(Input data begins)

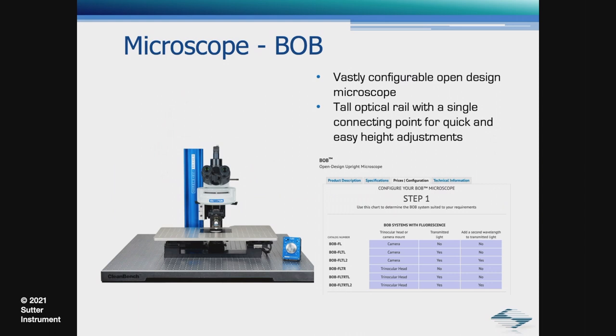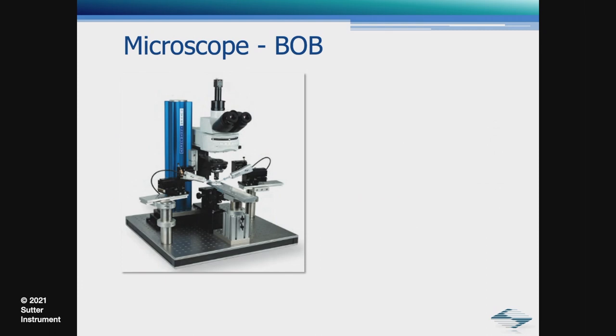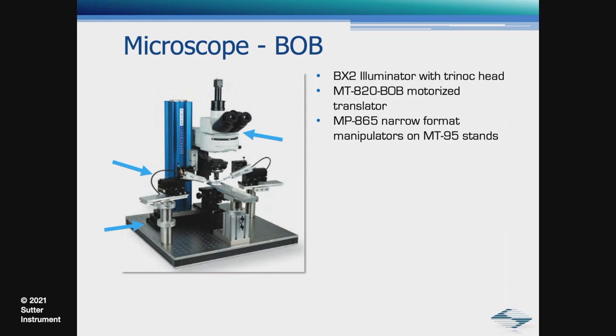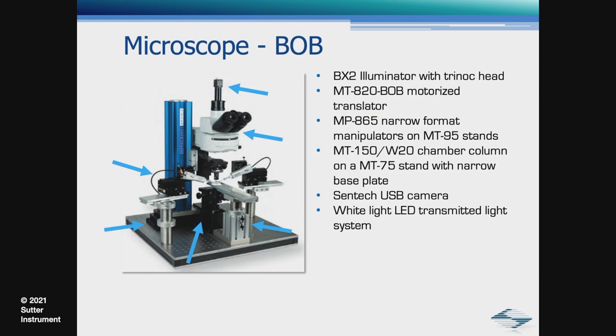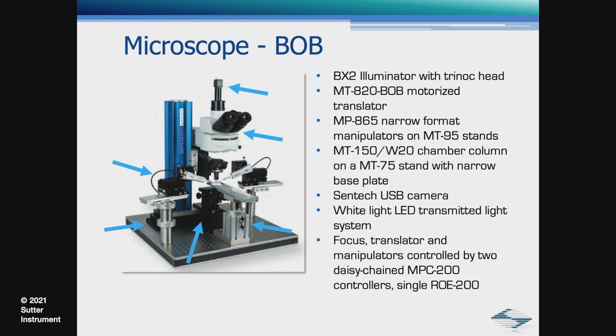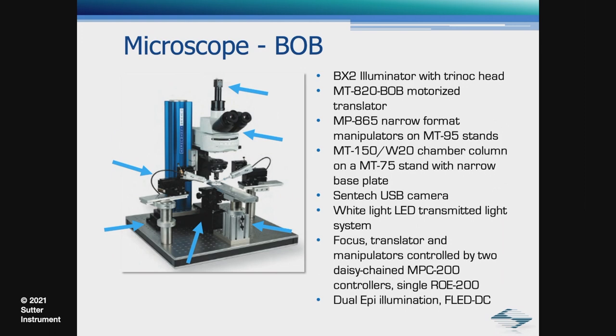Here is one of our most popular Bob configurations, which includes a BX2 eliminator with a tri-knock head, an MT820 Bob motorized translator, two MT865 narrow-format manipulators mounted on MT95 stands, an MT150 W20 chamber column on an MT70 stand with a narrow base plate, and Centec USB camera, TLED transmitted light system. The focus translator manipulators are controlled by two daisy-chained MBC200 controllers with a single ROE200.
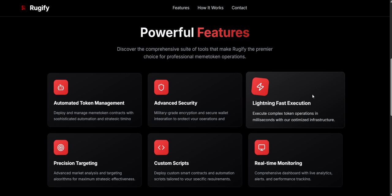Lightning Fast Execution. Perform token actions like buying, selling, or cloning in milliseconds, thanks to Rugify's fast system. This means you won't miss important opportunities, even during busy market times.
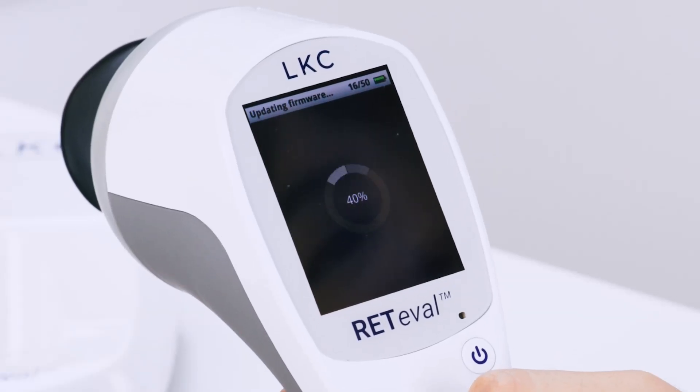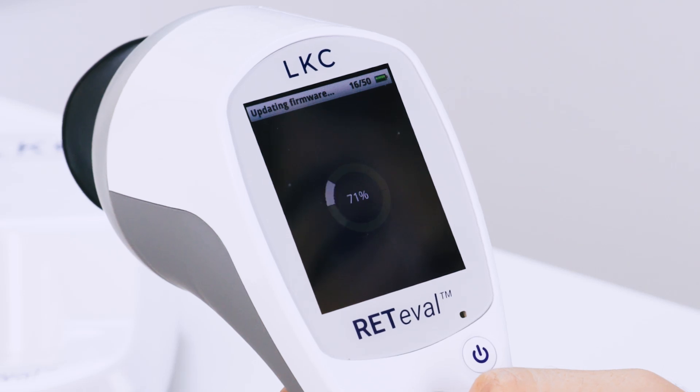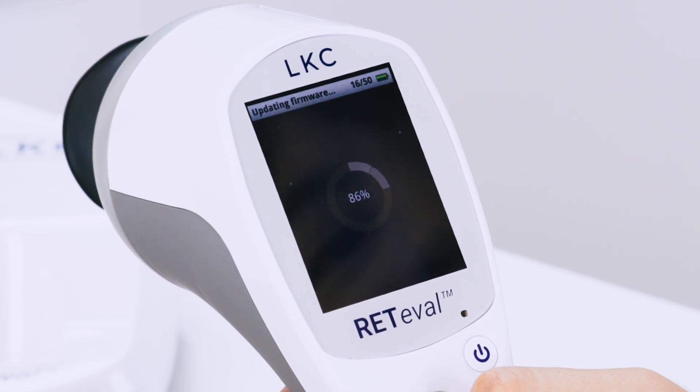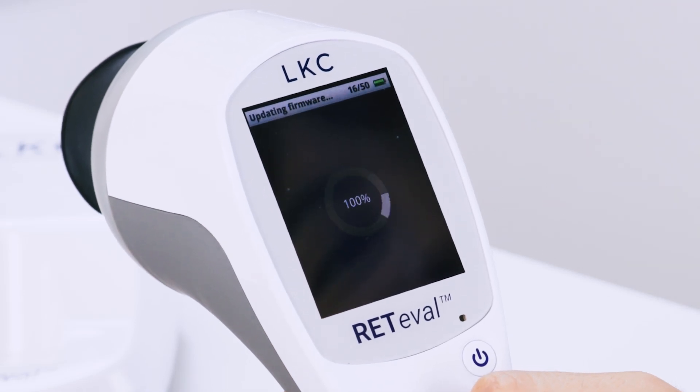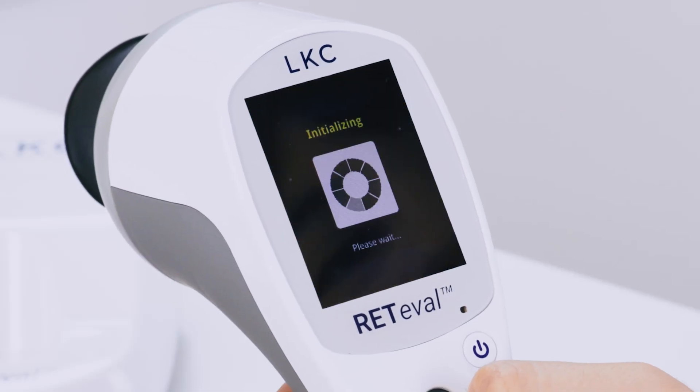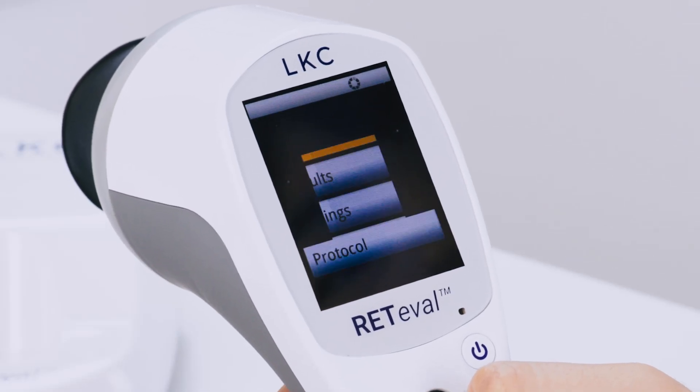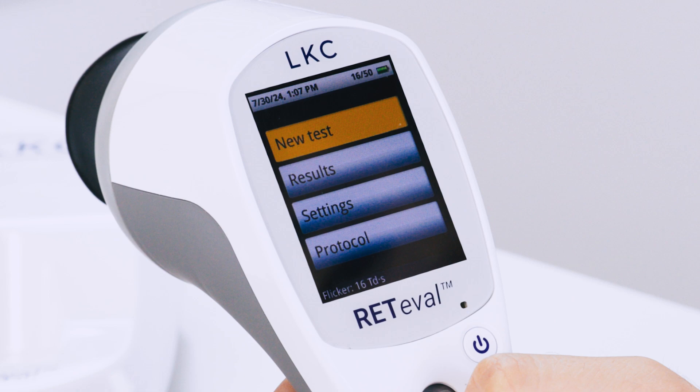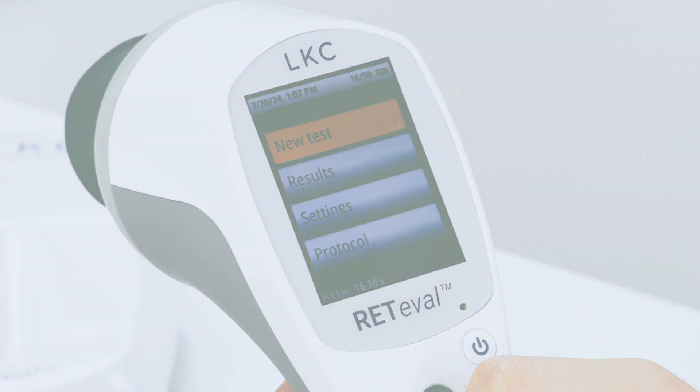You will see that your device is updating firmware at the top of the screen. After the update, the device will reboot and bring you back to the main menu. This indicates the update was successful.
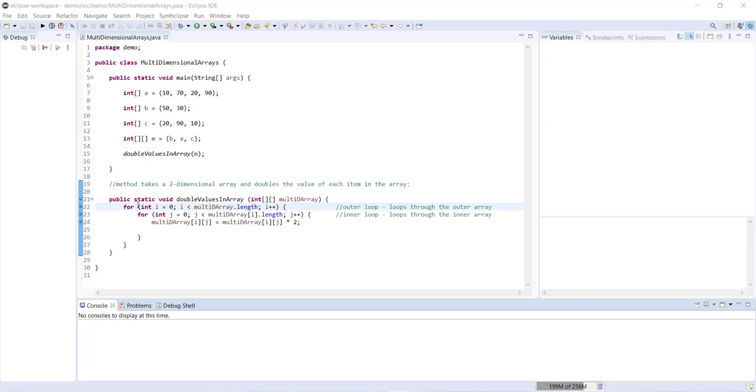And then under here we have this method double values in array which takes a 2D array and doubles the value of every item within the array, within each array of the array you could say.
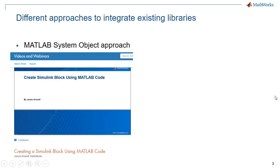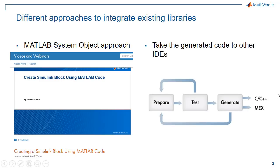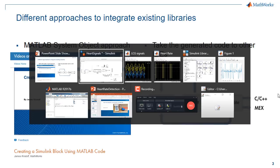The other way to integrate existing libraries with your algorithm is to use our Coder products. You will generate the C code and then you can take this code to other IDEs and use it there.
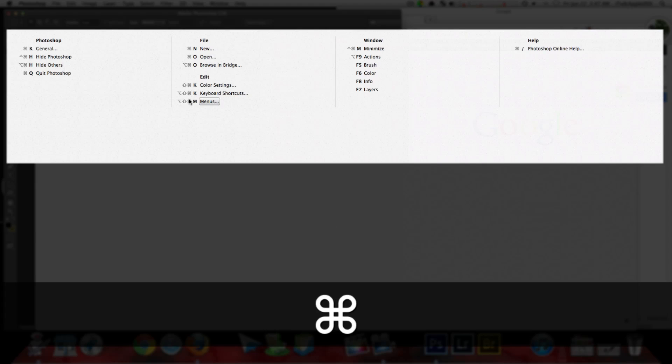Right now we're inside Photoshop. So since we're inside Photoshop, Cheat Sheet is giving us all of the commands that we can use inside Photoshop.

(Input data ends)

Problem requirements - What is needed is an exact printout of every record above, with the pictures left out.

Solution to the exercise -
Here is one of our most popular Bob configurations, which includes a BX2 eliminator with a tri-knock head, an MT820 Bob motorized translator, two MT865 narrow-format manipulators mounted on MT95 stands, an MT150 W20 chamber column on an MT70 stand with a narrow base plate, and Centec USB camera, TLED transmitted light system. The focus translator manipulators are controlled by two daisy-chained MBC200 controllers with a single ROE200.
Lightning Fast Execution. Perform token actions like buying, selling, or cloning in milliseconds, thanks to Rugify's fast system. This means you won't miss important opportunities, even during busy market times.
You will see that your device is updating firmware at the top of the screen. After the update, the device will reboot and bring you back to the main menu. This indicates the update was successful.
And then under here we have this method double values in array which takes a 2D array and doubles the value of every item within the array, within each array of the array you could say.
The other way to integrate existing libraries with your algorithm is to use our Coder products. You will generate the C code and then you can take this code to other IDEs and use it there.
Right now we're inside Photoshop. So since we're inside Photoshop, Cheat Sheet is giving us all of the commands that we can use inside Photoshop.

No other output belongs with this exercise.